Only the pictures should be left out; write out all other data exactly.
════════════════
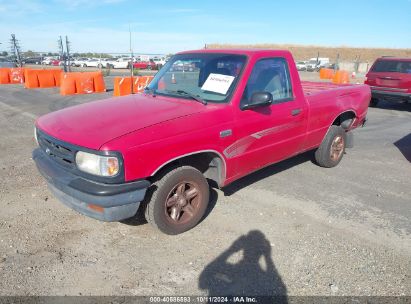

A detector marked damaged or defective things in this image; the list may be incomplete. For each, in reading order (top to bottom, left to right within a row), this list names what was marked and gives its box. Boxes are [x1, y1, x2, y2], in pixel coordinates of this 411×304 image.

rusty wheel [316, 125, 348, 167]
rusty wheel [144, 166, 209, 235]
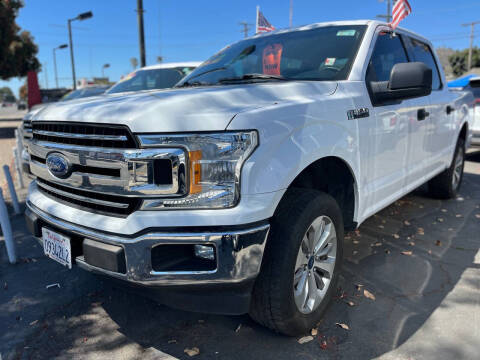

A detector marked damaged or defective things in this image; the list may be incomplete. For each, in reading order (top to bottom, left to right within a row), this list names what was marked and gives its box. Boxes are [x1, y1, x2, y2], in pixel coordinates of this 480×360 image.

cracked asphalt [0, 140, 480, 358]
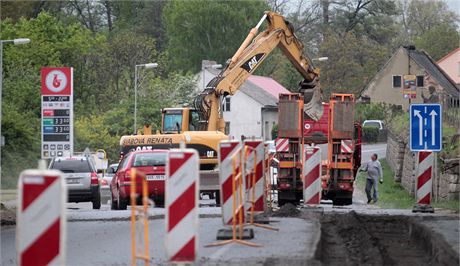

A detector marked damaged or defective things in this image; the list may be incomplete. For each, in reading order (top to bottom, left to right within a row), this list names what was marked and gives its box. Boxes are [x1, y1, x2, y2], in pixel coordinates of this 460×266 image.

damaged road surface [316, 212, 460, 266]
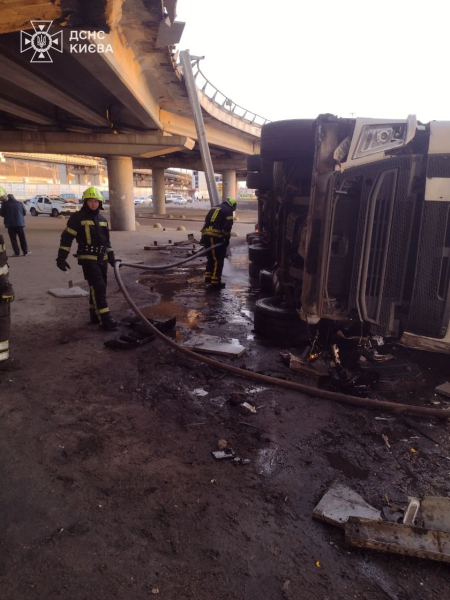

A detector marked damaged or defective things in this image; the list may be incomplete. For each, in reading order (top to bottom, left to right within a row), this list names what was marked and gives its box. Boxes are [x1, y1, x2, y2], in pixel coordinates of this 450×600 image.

overturned truck [248, 115, 450, 354]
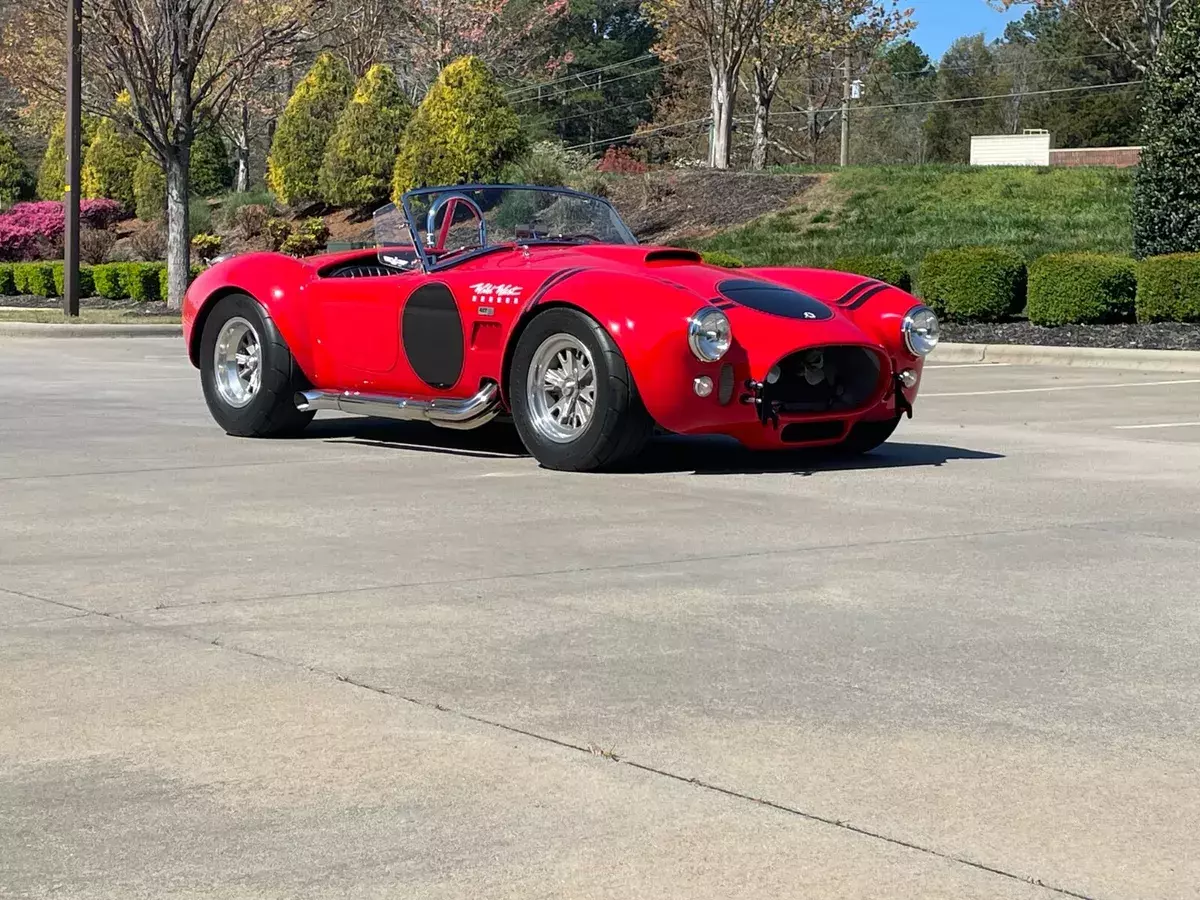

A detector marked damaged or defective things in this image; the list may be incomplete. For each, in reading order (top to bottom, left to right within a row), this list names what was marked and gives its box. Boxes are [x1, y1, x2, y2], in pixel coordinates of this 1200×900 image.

crack in pavement [4, 585, 1099, 900]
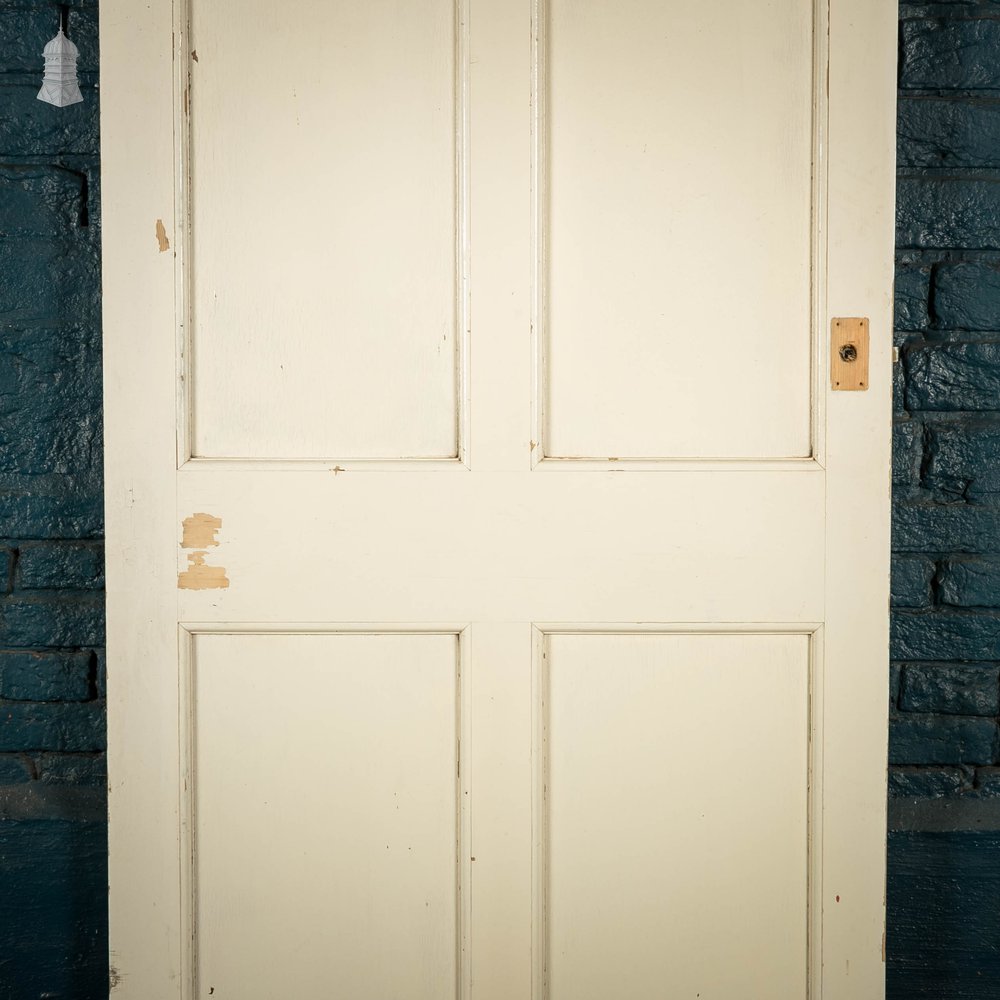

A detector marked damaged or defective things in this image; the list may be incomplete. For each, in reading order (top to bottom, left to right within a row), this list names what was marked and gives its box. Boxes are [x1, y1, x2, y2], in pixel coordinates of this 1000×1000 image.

peeling paint patch [184, 512, 225, 552]
peeling paint patch [179, 552, 229, 588]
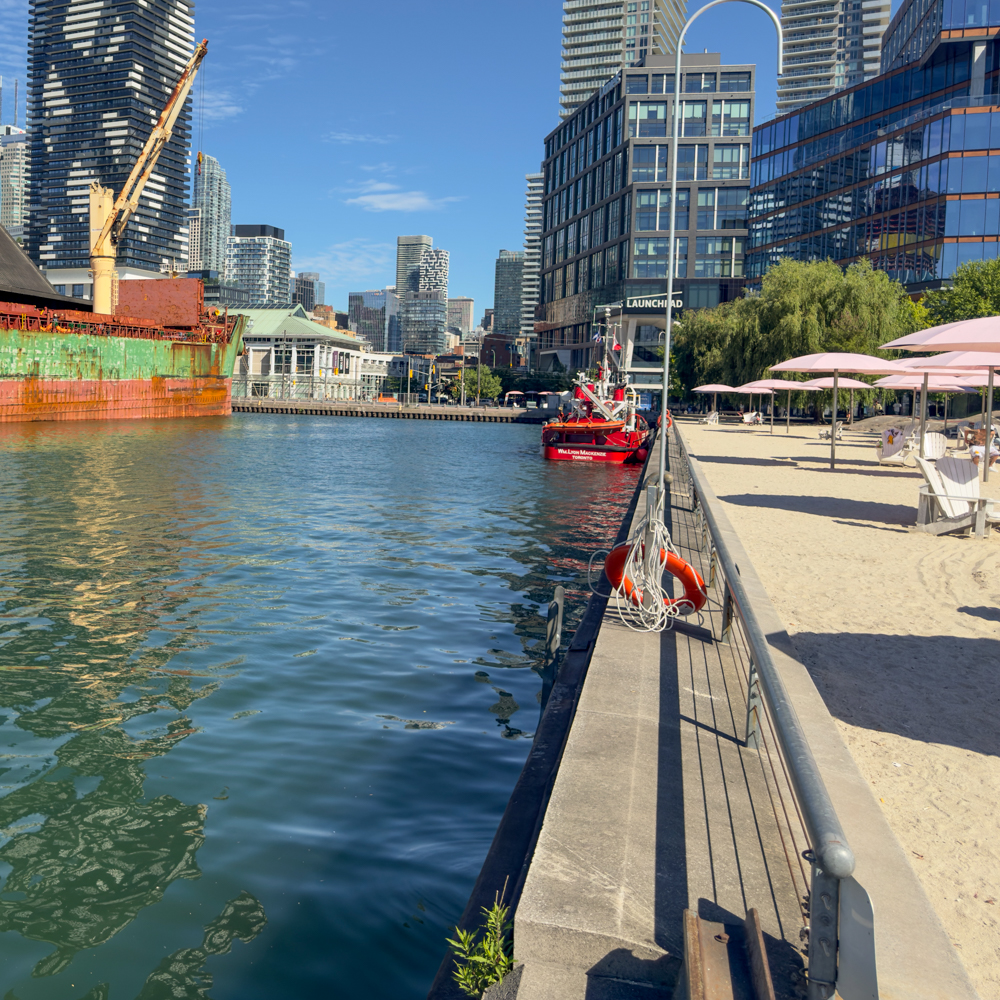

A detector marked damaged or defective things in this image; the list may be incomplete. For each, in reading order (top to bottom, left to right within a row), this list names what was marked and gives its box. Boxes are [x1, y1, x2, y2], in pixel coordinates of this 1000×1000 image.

rusty cargo barge [0, 280, 245, 424]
════════════════
> _Completed exercise_:
A detector marked damaged or defective things in this image; the list may be incomplete. For each, in reading order (top to bottom, left to right within a row), this list names what was marked and gives its box. Boxes are [x1, y1, x2, y2], in pixel coordinates of this 411×304 image.

rusty wheel [316, 125, 348, 167]
rusty wheel [144, 166, 209, 235]

A detector marked damaged or defective things in this image; the list may be incomplete. For each, in reading order (top to bottom, left to right within a row), this list names what was marked and gives its box. Boxes are [x1, y1, x2, y2], in pixel coordinates of this 480×360 image.

cracked asphalt [0, 140, 480, 358]

A detector marked damaged or defective things in this image; the list may be incomplete. For each, in reading order (top to bottom, left to right within a row), this list names what was marked and gives its box. Boxes are [x1, y1, x2, y2], in pixel coordinates of this 460×266 image.

damaged road surface [316, 212, 460, 266]

A detector marked damaged or defective things in this image; the list may be incomplete. For each, in reading order (top to bottom, left to right within a row), this list names what was marked and gives its box. Boxes are [x1, y1, x2, y2], in pixel coordinates of this 450×600 image.

overturned truck [248, 115, 450, 354]

A detector marked damaged or defective things in this image; the list may be incomplete. For each, in reading order (top to bottom, left to right within a row), this list names what was marked and gives its box. Boxes are [x1, y1, x2, y2], in pixel coordinates of this 1200×900 image.

crack in pavement [4, 585, 1099, 900]

A detector marked damaged or defective things in this image; the list may be incomplete. For each, in reading order (top to bottom, left to right within a row), this list names what was marked and gives its box. Boxes are [x1, y1, x2, y2], in pixel coordinates of this 1000×1000 image.

peeling paint patch [184, 512, 225, 552]
peeling paint patch [179, 552, 229, 588]

A detector marked damaged or defective things in this image; the list may be incomplete. For each, in reading order (top to bottom, left to right within a row), this list names what was marked and gives its box. Boxes are [x1, y1, x2, y2], in pixel coordinates of this 1000×1000 image.

rusty cargo barge [0, 280, 245, 424]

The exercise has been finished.